Course Descriptions

FALL 2024 COURSE DESCRIPTIONS

9:00 – 10:30 AM

COURSE 101

Jane Eyre: Strange, Epochal, and Eerie
Helen Heineman, PhD

A mystery enveloped the publication of Jane Eyre when it first appeared. “It was a live coal dropped by some unknown hand,” wrote one early reviewer. The book was for its time so bold and daring, that most were sure that the author was a man. Another guessed otherwise, citing a scene in the text: “a woman sitting on a chair… sewing rings to new curtains, and…taking up another rung and more tape, went on sewing.” “This passage”, said Harriet Martineau, “could have been written only by a woman or an upholsterer.” The book was full of strange sounds: a demonic laugh, distinct and low, shrill, and appalling shrieks, though not supernatural, but fearfully actual. It was also a revolutionary book, as another reviewer clearly saw: “There is throughout it a murmuring against the comforts of the rich and against the privations of the poor…a murmuring against God’s appointment.” Rather, it is the story of an indomitable life, enduring long trials and working itself, battered but safe into quiet waters, casting her anchor beside the unforgettable Rochester, as he finally “stretched out his hand to be led.”

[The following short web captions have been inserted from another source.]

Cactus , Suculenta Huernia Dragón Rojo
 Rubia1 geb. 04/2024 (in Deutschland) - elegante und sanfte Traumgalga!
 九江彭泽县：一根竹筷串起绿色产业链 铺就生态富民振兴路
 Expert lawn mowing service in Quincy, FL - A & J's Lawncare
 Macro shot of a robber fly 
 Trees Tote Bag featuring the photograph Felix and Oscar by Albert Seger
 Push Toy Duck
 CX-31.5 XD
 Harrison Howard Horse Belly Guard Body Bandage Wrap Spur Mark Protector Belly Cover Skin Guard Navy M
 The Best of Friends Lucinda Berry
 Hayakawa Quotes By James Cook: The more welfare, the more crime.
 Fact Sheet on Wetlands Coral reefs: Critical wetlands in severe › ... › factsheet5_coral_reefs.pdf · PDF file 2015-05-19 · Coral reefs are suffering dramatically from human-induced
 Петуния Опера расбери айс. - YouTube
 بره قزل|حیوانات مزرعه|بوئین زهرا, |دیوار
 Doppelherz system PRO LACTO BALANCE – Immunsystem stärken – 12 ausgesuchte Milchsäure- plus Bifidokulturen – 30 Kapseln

We will read this old favorite as newcomers to the tale, in four installments, using the 2006 Penguin Classics edition. Class 1: Chapters 1 – 12

Class 2: Chapters 13 – 21

Class 3: Chapters 22 – 31

Class 4: Chapter 32 – to End

OR

COURSE 102

Rise Up!: An Introduction to Indigenous Music in North America
Craig Harris

Indigenous sounds provide building blocks that make America’s music truly unique. They’re inherent in indigenous rock, blues, jazz, hip-hop, reggae, opera, and symphonic music. The cultural exchange has flowed in two directions. Spanning more than 500 years, this multimedia class, based on Craig Harris’s in-depth study, Rise Up! Indigenous Music in North America (Bison Books, November 2023) introduces the many dimensions of the indigenous soundscape. This eye-and-ear-capturing course will integrate history, spirituality, and day-to-day Indigenous life through well-researched conversations, recorded interviews with prominent artists, video montages, and audio samples.

10:45 – 12:15 PM

COURSE 103

Voting in America: How “Democratic” is our Republic?
David Smailes, PhD

Join us for a timely exploration of the state of American democracy as we head toward Election Day. Our discussion will center on the history of voting and voting rights, as well as the obstacles to voting access in recent years. In this presidential election year, we will also examine the history and nature of the Electoral College, and the question of alternatives to the Electoral College such as the popular election of the president.

1:15 – 2:45 PM

COURSE 104

Women, Art, and Society
Jessica Roscio, PhD

H.W. Janson’s History of Art, a standard textbook used in art history courses, did not include any women until 1987. In 1989, the Guerilla Girls told us that less than 5% of the artists in the modern art section of the Metropolitan Museum of Art were women, but 85% of the nudes were female. Every March, museums ask if you can “name five women artists” in honor of Women’s History Month. This course will show you that we can do way better than all of this! Over the course of four weeks, we will survey a range of works by women artists working from the sixteenth century to the present day. We will start each class learning about one artwork considered iconic for the way it positions women artists in a particular time or place. Then we will expand each discussion to spend more time with topics such as self-portraiture, the modern city, photography, and the feminist art movement.

OR

Course 105

What’s in an Age? Stories from the Edge of Anthropocene
Lawrence McKenna, PhD

Watchmakers rely on it, physicists define it, and poets wax lyrical about it, but only geologists truly own time. Geologists have, informally at first but now with increasing bureaucratic zeal, divided Earth’s history into eons, eras, periods, epochs, and ages with scientific precision and (generally) objectivity. Until now, that is, because the epoch we thought we were living in, the Holocene, has been tailgated right out of existence by our fossil-fuel burning automobiles.

Back in February 2000, Nobel Laureate and atmospheric chemist Paul Crutzen, clearly exasperated, interrupted a meeting to declare that we were “no longer in the Holocene but in the Anthropocene,” ushering in a new epoch dominated by Homo sapiens. The evidence for this pretty-obvious transition is everywhere, yet this past February, the organization that oversees time (the International Union of Geological Sciences) decided that the time wasn’t right to define a new period in Earth’s history. The Anthropocene is an idea whose time has undeniably arrived…even if we can’t decide exactly when that was.

Week 1: How geologists stared into the abyss of time and created a soulless bureaucracy to measure it.

Week 2: The Holocene, the Great Acceleration, and the Anthropocene: An epochal story in three acts.

Week 3: Art, literature, and the Anthropocene: How an obscure scientific concept sparked an artistic movement.

Week 4: Staring into the Abyss of the Anthropocene: Why it was denied, why it shouldn’t have been, and why it matters.